Recent completed projects include housing in Kolontar and Devecser (2011), areas rebuilt after the chemical disaster at the Ajka aluminum factory. Makovecz has respected the elements of traditional Sevretian architecture: the door connecting the intermediate space of the porch to the street through the main facade, with the tympanum facing the street, and the organization of the street. Not all of the houses were designed by Makovecz: he designed only three, and the others belonged to other volunteer architects, being variations on the same theme. Two of the dwellings designed by Imre Makovecz show neo-Gothic elements, but also elements typical of his architecture: unfinished trunks and the stylization of eagle wings3. The acceptance of these buildings by the tenants reflects another dimension of the association of Makovecz's architecture with Rudolf Steiner's anthropozoic philosophy and the consequences in the participatory aspect, which was also noticeable in earlier buildings, such as the complex built on Mogyoróhegy, Visegrád, in 1980 (Kuhlmann, 1998, chapter 6.3.1). Participatory architecture in post-disaster reconstruction places Makovecz ahead of some European approaches. After the 2009 earthquake, l'Aquila was rebuilt at a high technical level, but using prefabricated elements and the 'Zeilenbau' architectural approach of Modernism, without the participatory involvement of citizens, who are now virtually rebuilding the historic city in Google Earth.

Imre Makovecz's death is a loss for European architecture. Perhaps the new orientation in architecture will survive him and the young architects he worked with will follow his example.

Bibliography:

Maria Boștenaru Dan: "Vernacular and Modernist Housing in Germany and Romania. An Analysis of Vulnerability to Earthquakes", Cuvillier Verlag, Göttingen, 2010.

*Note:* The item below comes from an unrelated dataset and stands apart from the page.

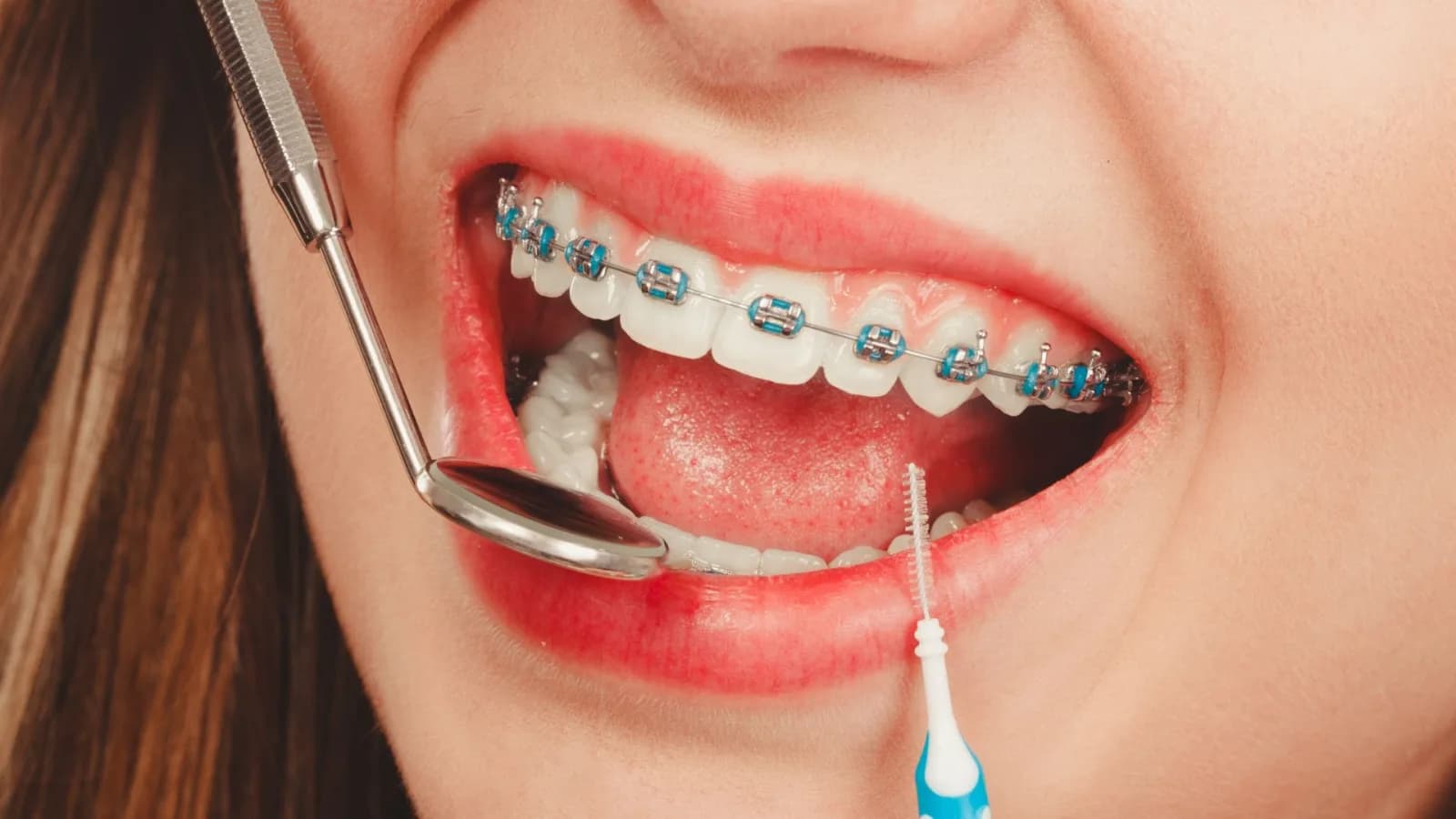 Kieferorthopädie für Jugendliche – der ideale Zeitpunkt für gerade Zähne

Dörte Kuhlmann: "Metamorphosen des Organizismus. Zur Formensprache der Lebendigen Architektur von Imre Makovecz" [Metamorphoses of the Organism. A look at the language of forms in the living architecture of Imre Makovecz], PhD dissertation, Bauhaus Universität Weimar 1998, available online at http://e-pub.uni-weimar.de/volltexte/2004/70/index.html

Dirk Meyhöfer: "Contemporary European Architects II", Benedikt Taschen, Cologne, 1994. Imre Makovecz: pp. 118-125.